Aí já não tinha mais desculpa, eu e os
aparelhinhos que as pessoas utilizam até mesmo para conversar éramos incompatíveis.
Fiquei uns seis meses sem celular até um filho comprar um novo e repassar seu
modelo antigo para mim.
Naquele momento eu já não tinha mais meu
número antigo (a explicação é muito longa), a portabilidade tinha ido pro saco
e eu fui obrigado a comprar um novo chip. Pedi ajuda ao antigo dono do aparelho
para instalar o chip para mim. OK, “qual
desses números você prefere?” O mais fácil de memorizar, foi a minha
resposta. Informei por e-mail o novo número para minha mulher, meus filhos e alguns
parentes. Mas não houve jeito de eu mesmo memorizar o diabo do número.
A brilhante solução jotabélica foi escrevê-lo
em uma fita crepe colada nas costas do aparelho e protegida pela capa de plástico
transparente. Isso até serviu para fazer piadinhas, pois quando alguém
perguntava meu número eu dizia ter feito um upgrade e exibia a prova de meu
retardamento mental.
Para não correr o risco de quebrá-lo também,
passei a deixá-lo dentro do carro, da bolsa de minha mulher ou simplesmente
esquecido em algum móvel da casa.

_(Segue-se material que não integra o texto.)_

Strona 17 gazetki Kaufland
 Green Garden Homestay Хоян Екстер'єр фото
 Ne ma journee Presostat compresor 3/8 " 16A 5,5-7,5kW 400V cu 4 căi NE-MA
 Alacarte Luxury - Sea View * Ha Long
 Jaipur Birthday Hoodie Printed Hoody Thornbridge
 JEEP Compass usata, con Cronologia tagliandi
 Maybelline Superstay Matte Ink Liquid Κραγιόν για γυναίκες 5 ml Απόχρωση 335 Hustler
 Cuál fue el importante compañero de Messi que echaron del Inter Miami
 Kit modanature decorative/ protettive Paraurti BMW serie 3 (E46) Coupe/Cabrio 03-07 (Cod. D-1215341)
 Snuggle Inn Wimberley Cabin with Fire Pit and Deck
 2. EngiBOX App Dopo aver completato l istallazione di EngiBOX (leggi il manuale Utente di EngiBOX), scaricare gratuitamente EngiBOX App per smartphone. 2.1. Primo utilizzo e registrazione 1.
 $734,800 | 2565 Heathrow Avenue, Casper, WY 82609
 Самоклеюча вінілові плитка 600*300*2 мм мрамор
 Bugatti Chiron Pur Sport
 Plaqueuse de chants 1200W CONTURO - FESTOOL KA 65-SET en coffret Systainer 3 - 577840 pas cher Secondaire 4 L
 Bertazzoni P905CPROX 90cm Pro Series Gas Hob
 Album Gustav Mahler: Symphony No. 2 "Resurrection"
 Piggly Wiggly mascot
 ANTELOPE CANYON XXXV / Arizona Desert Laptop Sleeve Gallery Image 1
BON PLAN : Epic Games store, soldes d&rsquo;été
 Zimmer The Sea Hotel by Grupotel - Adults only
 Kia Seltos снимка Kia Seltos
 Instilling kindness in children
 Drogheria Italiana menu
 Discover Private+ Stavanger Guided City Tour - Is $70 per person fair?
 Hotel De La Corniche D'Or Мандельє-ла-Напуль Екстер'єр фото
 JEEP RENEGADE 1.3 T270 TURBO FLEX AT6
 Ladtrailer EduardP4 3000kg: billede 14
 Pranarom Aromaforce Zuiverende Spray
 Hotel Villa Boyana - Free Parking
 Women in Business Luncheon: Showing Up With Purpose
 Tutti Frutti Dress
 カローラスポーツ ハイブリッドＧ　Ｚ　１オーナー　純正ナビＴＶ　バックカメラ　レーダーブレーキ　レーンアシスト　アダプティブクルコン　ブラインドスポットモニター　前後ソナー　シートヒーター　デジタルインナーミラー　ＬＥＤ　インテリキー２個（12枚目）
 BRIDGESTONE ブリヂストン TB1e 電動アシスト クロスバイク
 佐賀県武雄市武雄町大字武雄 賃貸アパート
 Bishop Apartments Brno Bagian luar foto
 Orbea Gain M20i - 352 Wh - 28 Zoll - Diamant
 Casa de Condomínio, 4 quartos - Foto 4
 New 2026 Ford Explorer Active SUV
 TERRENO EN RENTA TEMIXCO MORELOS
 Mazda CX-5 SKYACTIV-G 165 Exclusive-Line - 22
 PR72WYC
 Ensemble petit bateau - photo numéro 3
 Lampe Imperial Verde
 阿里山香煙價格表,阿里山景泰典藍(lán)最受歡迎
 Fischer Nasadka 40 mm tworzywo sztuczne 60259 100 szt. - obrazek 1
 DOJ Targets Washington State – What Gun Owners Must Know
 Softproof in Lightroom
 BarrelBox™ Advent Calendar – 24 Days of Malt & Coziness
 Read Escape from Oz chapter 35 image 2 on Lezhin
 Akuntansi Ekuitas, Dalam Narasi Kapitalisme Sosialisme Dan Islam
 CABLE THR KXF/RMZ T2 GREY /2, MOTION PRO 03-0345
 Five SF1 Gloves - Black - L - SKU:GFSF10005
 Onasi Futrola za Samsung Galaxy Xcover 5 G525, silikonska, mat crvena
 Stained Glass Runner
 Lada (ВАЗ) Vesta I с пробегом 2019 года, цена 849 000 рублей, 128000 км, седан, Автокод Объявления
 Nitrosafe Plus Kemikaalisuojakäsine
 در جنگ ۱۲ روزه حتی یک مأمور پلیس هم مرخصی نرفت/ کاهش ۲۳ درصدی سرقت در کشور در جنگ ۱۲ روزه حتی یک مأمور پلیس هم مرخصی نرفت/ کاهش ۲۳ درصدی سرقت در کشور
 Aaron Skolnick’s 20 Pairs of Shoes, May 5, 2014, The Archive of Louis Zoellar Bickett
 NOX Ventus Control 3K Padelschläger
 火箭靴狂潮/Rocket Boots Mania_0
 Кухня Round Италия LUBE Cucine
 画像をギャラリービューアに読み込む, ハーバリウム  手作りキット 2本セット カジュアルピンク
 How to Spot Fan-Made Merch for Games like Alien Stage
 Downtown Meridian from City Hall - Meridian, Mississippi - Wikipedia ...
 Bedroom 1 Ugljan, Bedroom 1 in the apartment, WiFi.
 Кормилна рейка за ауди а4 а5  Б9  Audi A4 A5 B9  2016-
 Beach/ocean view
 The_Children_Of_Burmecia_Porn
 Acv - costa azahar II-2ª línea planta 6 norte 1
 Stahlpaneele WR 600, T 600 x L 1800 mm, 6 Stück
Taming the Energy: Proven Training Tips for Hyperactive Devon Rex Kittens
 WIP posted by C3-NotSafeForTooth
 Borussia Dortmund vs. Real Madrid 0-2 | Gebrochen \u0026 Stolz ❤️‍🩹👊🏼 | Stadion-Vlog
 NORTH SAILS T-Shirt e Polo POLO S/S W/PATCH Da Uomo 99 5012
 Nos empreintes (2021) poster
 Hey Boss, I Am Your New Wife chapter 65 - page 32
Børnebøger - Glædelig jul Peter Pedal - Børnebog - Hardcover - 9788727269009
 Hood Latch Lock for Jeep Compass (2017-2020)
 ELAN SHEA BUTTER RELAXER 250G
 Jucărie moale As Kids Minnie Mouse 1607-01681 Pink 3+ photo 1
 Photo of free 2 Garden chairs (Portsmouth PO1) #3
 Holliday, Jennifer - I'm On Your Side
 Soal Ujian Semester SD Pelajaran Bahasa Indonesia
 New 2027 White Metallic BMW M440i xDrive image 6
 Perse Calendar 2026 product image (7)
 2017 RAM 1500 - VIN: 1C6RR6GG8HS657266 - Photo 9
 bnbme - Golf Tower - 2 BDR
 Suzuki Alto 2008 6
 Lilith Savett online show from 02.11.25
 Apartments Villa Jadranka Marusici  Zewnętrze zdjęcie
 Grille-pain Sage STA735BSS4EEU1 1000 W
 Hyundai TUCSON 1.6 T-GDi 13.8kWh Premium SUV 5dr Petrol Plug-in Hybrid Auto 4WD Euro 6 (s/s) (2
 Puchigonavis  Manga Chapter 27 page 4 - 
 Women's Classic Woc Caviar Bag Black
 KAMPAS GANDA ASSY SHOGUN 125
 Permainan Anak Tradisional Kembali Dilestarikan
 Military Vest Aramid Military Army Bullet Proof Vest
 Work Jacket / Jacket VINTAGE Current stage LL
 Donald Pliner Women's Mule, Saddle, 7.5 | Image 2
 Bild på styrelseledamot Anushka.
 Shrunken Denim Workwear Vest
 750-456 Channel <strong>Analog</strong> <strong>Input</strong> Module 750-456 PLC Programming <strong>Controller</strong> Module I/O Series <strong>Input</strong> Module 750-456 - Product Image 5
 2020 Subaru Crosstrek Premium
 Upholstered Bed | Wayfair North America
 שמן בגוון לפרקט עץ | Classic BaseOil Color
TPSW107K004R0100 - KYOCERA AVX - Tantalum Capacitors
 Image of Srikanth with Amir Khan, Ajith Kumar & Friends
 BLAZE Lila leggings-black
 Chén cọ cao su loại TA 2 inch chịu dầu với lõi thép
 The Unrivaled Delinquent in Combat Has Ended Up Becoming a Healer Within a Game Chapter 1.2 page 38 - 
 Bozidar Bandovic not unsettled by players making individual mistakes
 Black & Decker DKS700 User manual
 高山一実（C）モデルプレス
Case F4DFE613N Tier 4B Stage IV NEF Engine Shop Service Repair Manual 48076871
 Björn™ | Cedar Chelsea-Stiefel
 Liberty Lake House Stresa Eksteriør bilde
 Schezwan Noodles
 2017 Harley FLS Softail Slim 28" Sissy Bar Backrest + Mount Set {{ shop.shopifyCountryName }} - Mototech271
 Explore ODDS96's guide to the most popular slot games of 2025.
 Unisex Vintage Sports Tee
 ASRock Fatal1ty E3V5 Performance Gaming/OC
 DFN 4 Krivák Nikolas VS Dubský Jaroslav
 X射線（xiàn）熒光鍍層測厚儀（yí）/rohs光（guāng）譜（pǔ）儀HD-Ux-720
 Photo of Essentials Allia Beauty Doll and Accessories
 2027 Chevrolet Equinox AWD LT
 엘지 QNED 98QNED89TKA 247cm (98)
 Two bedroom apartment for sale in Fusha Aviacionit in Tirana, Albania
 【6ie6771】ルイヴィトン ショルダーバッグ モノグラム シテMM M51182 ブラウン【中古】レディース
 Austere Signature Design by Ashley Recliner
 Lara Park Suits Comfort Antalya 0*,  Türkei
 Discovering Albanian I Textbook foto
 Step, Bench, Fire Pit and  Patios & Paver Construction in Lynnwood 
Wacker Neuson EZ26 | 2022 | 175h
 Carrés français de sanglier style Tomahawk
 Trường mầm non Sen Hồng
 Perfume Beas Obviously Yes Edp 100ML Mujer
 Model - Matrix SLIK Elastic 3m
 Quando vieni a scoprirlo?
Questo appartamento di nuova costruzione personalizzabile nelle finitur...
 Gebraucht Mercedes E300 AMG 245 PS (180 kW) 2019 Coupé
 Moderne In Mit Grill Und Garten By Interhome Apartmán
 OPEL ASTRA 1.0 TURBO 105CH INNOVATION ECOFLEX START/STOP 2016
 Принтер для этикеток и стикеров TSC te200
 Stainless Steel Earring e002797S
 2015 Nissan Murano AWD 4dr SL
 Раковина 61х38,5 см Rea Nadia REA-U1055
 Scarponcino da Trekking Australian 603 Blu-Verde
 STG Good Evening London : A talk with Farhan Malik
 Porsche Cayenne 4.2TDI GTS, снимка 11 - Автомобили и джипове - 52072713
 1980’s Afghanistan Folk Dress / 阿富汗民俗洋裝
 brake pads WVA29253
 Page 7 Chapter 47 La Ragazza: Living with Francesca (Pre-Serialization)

Até esta semana. Precisando fazer algumas
compras em um supermercado e não querendo ficar sem comunicação com minha mulher,
resolvi procurá-lo. Liguei para ele, mas estava desligado. Revirei o carro,
olhei todos os lugares da casa, todos os móveis e até dentro da geladeira (sei
lá, vai que o Alzheimer pediu para que eu o guardasse ali!) e nada, um nada
absoluto e definitivo.
“Deve ter
caído quando saí do carro” ou “talvez o tenha
esquecido na padaria, na farmácia ou supermercado”. Sacaneado com mais uma
perda de celular fui fazer minhas compras. Na hora de pagar, sem nenhuma
expectativa, perguntei à moça do caixa se teriam encontrado um celular esquecido
por alguém. A fiscal da loja foi chamada e seguiu-se este diálogo:
- Tem
quanto tempo que o senhor perdeu o aparelho?
- Sei
lá, há uns três ou quatro dias.
- Qual
a marca e o modelo?
- Não
sei.
- Qual
é o número dele?
-
Também não sei, mas está desligado, provavelmente sem bateria. A única coisa
que eu sei é que ele tem uma fita crepe colada nas costas do aparelho, onde eu
anotei seu número, pois eu não consigo memorizá-lo.
-
Aguarde aqui que eu preciso ir ao escritório, pois encontraram um celular
esquecido no carrinho.
Alguns minutos depois volta a funcionária com
um aparelho na mão e me pergunta se era aquele. Minha tentação imediata foi
dizer que não, pois não vi a fita crepe. Entretanto, ao pegar o celular,
percebi que apesar da fita crepe ter sido retirada, ainda havia sua marca nas
costas do aparelho. Era ele!
Voltei para casa todo feliz, liguei-o no
carregador de bateria e descobri que ele estava todo desconfigurado. Imagino
que a primeira reação do funcionário que o encontrou deve ter sido o desejo de
ficar com ele. Depois, talvez pensando nas onipresentes câmeras, resolveu
entregá-lo à administração do supermercado.
Se você me perguntar agora onde o celular
está, eu direi que está em algum lugar da casa ou dentro do carro, pois só utilizo
a função “telefone”. Quando vou enviar um zap para meus filhos ou parentes
utilizo o computador.
Uma coisa eu sei: para mim os celulares são
como algumas pessoas que conheci – mesmo que não desgoste delas não temos
nenhuma afinidade ou compatibilidade. Em compensação, se eu e os celulares não temos uma
convivência muito amistosa, fiquei fã incondicional da fita crepe. Já estou até
pensando em usá-la para me identificar. Sei lá, já pensou se o Alzheimer resolve me
desencaminhar? Como farei para voltar para casa?